■ **PROBLEM TO WORK ON**: Your answer should be the lines below from the one holding "Suíte de apartamento" through the one holding "DISCOTECA BRAVATTA - NOD", copied exactly and with nothing else.

[[ DATA PROVIDED, beginning ]]

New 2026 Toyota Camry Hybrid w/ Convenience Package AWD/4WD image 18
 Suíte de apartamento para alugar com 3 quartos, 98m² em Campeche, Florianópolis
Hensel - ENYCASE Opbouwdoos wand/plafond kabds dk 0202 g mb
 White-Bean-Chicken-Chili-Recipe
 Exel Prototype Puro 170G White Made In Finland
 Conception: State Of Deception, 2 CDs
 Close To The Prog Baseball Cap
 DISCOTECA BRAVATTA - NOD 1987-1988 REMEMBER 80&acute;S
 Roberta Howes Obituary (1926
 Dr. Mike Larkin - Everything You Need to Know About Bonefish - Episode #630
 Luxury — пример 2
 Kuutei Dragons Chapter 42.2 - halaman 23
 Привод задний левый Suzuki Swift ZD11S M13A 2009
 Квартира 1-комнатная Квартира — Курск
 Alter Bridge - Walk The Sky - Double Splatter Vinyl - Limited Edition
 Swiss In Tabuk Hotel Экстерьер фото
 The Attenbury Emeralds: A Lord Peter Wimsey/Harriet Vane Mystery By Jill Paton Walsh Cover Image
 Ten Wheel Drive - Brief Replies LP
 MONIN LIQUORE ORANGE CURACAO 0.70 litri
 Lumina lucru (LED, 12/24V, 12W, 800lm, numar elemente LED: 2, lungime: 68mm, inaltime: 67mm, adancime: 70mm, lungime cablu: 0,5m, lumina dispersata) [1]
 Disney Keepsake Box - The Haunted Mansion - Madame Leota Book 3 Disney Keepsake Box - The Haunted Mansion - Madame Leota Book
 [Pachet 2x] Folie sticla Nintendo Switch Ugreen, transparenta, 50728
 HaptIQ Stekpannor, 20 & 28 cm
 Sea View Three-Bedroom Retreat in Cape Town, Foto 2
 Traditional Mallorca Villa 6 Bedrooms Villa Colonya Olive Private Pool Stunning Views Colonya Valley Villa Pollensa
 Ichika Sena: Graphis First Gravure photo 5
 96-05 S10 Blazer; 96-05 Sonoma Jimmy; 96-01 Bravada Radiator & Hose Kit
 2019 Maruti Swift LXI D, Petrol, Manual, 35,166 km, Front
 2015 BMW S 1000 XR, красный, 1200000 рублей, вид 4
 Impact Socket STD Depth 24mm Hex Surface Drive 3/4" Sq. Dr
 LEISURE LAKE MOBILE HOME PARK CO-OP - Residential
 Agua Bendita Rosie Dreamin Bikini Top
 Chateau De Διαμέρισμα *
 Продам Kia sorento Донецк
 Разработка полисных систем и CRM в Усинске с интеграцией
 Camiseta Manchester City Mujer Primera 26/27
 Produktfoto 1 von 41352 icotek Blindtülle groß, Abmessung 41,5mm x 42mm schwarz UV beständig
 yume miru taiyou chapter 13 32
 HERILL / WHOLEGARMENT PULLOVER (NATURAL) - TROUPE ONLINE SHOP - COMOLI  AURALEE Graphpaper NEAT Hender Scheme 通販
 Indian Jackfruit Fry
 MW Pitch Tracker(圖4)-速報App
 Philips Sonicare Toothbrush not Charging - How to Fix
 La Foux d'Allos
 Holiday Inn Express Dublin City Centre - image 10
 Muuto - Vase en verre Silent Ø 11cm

[[ DATA PROVIDED, end ]]

■ **ANSWER TO THE PROBLEM**:
 Suíte de apartamento para alugar com 3 quartos, 98m² em Campeche, Florianópolis
Hensel - ENYCASE Opbouwdoos wand/plafond kabds dk 0202 g mb
 White-Bean-Chicken-Chili-Recipe
 Exel Prototype Puro 170G White Made In Finland
 Conception: State Of Deception, 2 CDs
 Close To The Prog Baseball Cap
 DISCOTECA BRAVATTA - NOD 1987-1988 REMEMBER 80&acute;S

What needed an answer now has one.